Source data:

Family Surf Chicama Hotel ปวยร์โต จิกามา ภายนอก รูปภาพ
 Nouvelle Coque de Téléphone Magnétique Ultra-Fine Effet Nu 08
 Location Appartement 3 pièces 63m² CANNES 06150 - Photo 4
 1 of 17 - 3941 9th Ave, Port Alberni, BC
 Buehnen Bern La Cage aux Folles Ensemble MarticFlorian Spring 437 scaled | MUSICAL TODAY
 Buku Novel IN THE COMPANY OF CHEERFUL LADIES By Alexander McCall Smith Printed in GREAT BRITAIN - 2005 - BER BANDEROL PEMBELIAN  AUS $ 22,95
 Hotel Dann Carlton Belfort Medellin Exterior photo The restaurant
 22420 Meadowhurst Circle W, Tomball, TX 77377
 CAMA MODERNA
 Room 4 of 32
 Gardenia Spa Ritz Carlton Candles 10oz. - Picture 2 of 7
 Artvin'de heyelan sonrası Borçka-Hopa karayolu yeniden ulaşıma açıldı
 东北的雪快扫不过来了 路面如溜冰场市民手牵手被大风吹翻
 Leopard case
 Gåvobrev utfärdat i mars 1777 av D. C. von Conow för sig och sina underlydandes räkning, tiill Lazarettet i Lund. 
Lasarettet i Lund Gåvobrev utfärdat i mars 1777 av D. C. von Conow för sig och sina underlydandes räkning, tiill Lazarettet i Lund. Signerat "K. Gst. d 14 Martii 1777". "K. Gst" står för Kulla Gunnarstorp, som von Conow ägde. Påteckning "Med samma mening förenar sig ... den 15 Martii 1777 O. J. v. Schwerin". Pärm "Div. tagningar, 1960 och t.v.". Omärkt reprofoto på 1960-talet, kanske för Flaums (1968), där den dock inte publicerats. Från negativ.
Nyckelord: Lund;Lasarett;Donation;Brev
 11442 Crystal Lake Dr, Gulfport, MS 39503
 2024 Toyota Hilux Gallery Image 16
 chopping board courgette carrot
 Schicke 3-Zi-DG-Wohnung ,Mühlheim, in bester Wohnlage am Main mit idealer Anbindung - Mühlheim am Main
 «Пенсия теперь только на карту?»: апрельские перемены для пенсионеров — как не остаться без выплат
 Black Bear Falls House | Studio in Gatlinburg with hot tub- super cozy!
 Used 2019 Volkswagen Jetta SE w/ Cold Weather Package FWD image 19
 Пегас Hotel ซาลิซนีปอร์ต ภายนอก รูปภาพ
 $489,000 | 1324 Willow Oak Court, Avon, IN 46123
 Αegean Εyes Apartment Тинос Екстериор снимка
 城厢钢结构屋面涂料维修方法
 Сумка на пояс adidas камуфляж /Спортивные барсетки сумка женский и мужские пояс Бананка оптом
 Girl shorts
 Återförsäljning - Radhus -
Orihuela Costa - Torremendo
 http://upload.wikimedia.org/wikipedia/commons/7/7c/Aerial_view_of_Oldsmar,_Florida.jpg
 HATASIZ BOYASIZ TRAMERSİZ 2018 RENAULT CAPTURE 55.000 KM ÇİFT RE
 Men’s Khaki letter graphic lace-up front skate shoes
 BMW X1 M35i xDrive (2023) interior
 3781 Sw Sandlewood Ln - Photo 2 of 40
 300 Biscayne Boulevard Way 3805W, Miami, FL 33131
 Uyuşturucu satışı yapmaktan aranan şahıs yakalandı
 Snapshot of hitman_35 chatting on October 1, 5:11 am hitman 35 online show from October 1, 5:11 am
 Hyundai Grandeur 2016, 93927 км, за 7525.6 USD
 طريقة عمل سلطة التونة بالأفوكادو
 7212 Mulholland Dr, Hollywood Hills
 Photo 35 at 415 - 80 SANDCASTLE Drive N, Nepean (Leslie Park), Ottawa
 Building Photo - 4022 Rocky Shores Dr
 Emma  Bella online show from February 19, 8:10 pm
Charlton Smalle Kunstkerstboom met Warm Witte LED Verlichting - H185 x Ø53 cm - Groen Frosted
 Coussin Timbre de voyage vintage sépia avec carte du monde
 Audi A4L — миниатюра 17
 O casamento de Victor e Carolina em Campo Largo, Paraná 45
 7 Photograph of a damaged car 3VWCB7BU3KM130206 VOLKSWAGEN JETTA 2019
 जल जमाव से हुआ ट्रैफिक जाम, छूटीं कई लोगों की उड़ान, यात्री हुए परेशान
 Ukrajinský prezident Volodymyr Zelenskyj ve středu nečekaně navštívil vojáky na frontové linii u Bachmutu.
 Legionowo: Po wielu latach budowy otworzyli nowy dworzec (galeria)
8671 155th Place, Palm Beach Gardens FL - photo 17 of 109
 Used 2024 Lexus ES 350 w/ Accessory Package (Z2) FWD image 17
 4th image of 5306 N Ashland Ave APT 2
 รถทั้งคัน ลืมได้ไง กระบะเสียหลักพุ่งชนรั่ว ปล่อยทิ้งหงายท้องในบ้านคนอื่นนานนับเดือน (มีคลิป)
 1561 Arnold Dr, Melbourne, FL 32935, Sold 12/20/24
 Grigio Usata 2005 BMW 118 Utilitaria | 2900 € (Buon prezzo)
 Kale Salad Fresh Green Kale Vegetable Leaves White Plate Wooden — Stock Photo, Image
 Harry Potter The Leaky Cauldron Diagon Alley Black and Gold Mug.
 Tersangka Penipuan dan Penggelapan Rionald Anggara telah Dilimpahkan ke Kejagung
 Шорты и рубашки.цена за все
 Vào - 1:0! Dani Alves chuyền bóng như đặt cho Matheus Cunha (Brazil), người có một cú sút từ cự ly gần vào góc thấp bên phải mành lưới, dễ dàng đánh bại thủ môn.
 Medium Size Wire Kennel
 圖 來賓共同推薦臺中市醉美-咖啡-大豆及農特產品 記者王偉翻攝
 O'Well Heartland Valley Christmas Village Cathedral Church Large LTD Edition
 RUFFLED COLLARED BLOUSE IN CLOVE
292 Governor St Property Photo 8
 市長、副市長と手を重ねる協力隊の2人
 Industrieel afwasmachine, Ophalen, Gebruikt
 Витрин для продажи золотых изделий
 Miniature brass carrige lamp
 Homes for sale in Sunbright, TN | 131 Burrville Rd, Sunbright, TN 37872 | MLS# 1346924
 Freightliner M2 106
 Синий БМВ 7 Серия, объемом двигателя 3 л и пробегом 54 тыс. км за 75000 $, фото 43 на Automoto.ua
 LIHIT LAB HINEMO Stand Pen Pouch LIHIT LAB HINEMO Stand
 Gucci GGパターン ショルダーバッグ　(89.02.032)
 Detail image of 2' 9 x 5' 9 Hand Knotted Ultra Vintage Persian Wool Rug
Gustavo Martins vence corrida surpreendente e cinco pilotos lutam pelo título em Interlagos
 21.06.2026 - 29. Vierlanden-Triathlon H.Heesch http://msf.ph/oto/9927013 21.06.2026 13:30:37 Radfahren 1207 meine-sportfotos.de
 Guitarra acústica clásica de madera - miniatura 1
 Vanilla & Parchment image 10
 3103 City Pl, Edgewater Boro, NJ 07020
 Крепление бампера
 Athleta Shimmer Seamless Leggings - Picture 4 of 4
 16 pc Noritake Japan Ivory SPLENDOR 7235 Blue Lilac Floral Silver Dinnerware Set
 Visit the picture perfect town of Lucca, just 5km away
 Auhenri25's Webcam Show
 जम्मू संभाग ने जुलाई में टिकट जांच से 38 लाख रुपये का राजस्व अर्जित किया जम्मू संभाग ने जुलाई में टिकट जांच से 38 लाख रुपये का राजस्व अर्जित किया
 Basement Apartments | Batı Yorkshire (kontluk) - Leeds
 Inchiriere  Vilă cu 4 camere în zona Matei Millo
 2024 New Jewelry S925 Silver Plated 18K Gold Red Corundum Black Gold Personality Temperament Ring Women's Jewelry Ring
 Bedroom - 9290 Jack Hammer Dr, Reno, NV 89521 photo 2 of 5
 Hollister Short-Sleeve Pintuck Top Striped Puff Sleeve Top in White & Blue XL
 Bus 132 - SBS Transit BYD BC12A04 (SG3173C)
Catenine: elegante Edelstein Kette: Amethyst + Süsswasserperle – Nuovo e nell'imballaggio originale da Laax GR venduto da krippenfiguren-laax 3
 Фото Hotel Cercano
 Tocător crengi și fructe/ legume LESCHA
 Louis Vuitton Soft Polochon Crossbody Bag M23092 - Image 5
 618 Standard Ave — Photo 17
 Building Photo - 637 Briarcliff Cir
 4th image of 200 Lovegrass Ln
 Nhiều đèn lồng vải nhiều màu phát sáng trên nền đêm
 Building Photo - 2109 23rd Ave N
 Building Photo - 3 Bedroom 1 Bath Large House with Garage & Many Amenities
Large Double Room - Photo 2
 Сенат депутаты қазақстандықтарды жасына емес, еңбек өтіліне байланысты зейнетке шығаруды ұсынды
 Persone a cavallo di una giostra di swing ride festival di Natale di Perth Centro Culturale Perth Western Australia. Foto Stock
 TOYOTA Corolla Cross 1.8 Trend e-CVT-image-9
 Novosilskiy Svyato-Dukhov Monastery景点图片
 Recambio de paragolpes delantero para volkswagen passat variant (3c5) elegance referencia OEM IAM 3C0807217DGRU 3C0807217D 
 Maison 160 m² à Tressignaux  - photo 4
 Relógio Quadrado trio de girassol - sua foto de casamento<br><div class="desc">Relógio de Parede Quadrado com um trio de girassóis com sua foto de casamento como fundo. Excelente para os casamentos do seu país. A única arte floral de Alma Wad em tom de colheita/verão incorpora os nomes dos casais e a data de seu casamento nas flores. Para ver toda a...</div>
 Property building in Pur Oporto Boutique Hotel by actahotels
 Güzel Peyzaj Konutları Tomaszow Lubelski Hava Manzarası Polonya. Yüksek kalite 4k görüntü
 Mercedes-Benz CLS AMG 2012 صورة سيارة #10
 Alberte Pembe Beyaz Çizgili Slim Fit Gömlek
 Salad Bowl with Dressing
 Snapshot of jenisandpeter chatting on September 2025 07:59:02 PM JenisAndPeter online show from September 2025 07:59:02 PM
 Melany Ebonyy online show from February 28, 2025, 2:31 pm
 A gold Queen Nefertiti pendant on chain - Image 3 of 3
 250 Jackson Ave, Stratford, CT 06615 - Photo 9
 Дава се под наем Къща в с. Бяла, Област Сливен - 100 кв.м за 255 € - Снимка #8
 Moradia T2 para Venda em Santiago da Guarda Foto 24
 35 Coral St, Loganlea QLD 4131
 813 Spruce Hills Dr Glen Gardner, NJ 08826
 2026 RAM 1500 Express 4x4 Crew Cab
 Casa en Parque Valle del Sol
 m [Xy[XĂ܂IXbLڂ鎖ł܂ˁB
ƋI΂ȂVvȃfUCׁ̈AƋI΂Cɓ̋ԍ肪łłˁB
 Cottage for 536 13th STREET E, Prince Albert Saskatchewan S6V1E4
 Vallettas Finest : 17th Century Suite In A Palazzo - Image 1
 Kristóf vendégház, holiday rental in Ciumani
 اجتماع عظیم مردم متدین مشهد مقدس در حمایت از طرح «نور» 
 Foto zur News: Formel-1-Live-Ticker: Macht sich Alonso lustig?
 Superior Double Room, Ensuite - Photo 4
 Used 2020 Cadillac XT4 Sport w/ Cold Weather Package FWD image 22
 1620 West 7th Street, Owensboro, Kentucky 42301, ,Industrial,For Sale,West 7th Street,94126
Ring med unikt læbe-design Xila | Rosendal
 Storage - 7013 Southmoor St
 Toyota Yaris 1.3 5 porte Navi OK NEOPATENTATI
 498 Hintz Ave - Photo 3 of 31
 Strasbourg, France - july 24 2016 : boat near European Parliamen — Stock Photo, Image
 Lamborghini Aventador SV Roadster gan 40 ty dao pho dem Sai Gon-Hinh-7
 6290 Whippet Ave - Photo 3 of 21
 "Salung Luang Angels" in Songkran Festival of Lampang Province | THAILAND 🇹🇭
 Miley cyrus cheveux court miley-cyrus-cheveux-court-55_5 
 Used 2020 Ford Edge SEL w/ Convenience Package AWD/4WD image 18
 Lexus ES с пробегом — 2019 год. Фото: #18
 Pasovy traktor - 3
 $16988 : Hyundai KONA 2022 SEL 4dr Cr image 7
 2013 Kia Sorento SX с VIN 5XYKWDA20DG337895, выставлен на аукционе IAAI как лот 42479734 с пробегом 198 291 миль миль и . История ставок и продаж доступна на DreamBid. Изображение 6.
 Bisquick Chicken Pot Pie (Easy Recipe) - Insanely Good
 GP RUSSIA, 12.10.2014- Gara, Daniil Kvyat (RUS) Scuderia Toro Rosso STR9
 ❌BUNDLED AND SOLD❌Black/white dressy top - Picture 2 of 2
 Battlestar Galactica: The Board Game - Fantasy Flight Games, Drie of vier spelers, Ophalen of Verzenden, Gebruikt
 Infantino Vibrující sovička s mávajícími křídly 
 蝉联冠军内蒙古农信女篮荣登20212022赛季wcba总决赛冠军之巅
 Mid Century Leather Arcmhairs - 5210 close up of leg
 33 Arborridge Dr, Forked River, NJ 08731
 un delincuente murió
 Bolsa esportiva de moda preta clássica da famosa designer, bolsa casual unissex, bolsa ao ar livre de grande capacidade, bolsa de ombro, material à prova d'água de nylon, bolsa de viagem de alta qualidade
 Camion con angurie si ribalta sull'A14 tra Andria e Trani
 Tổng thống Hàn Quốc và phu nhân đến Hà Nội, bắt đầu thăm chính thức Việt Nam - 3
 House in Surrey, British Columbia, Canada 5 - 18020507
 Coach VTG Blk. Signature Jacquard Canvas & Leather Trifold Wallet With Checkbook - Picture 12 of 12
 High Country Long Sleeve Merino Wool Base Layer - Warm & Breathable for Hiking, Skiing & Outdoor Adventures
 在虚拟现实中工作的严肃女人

The problem:
Please return a copy of each line in the entries that has the string "mars".

Exercise solution:
 Gåvobrev utfärdat i mars 1777 av D. C. von Conow för sig och sina underlydandes räkning, tiill Lazarettet i Lund. 
Lasarettet i Lund Gåvobrev utfärdat i mars 1777 av D. C. von Conow för sig och sina underlydandes räkning, tiill Lazarettet i Lund. Signerat "K. Gst. d 14 Martii 1777". "K. Gst" står för Kulla Gunnarstorp, som von Conow ägde. Påteckning "Med samma mening förenar sig ... den 15 Martii 1777 O. J. v. Schwerin". Pärm "Div. tagningar, 1960 och t.v.". Omärkt reprofoto på 1960-talet, kanske för Flaums (1968), där den dock inte publicerats. Från negativ.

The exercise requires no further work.